STORY: Ukraine’s eastern city of Kharkiv has built dozens classrooms in metro stations to allow pupils to return to school.
Though parts of the city lie less than 20 miles from the Russian border, officials say taking lessons underground will shield pupils from the threat of supersonic Russian missiles fired at short range.
Kharkiv’s schools have been forced to teach online throughout the war as some Russian missiles can reach the city in under a minute.
Before Russia invaded Ukraine in February 2022, Kharkiv was Ukraine’s second biggest city with a population of more than 1.4 million, but it has been badly scarred by fighting.
The 60 schoolrooms created in the city’s metro stations have space for more than 1,000 children to study in-person when the new school year begins in September.
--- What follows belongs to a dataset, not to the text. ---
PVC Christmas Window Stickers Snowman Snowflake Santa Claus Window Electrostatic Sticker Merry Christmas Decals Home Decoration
Viktoria Kuznetsova has overseen their implementation.
“We will have desks, an interactive board, wi-fi. Tutors and psychologists will be here. Also, a fire alarm was installed for the children’s safety. Also, the classrooms are sound proof and have ventilation.”
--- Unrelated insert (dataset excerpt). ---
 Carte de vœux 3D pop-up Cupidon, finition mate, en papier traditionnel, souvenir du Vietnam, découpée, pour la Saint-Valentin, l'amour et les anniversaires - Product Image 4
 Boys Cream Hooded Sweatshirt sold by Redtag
Iryna Loboda says her school-aged boy needs to be around kids his own age.
“I support the children studying in the subway. They lack socializing. They will be able to socialize with each other, find a common language, communicate. The classes are twice a week, three hours a time. It is not every day. I absolutely support this.”
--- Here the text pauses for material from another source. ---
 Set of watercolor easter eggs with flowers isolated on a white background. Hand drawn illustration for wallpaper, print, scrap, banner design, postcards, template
More than 1,300 schools have been totally destroyed in government-held areas of Ukraine since Russia’s invasion and others have been badly damaged, the U.N. children’s fund UNICEF said on Tuesday (August 29).
Persistent attacks mean that only about a third of school-age children there are attending classes fully in-person and many are forgetting what they have learned, it said.
Around half of Ukraine’s teachers have reported a deterioration in students’ abilities in language, reading and mathematics.
Beyond Ukraine, more than half of the children whose families have fled the conflict to seven countries are not enrolled in national education, UNICEF said, citing language barriers and overstretched education systems.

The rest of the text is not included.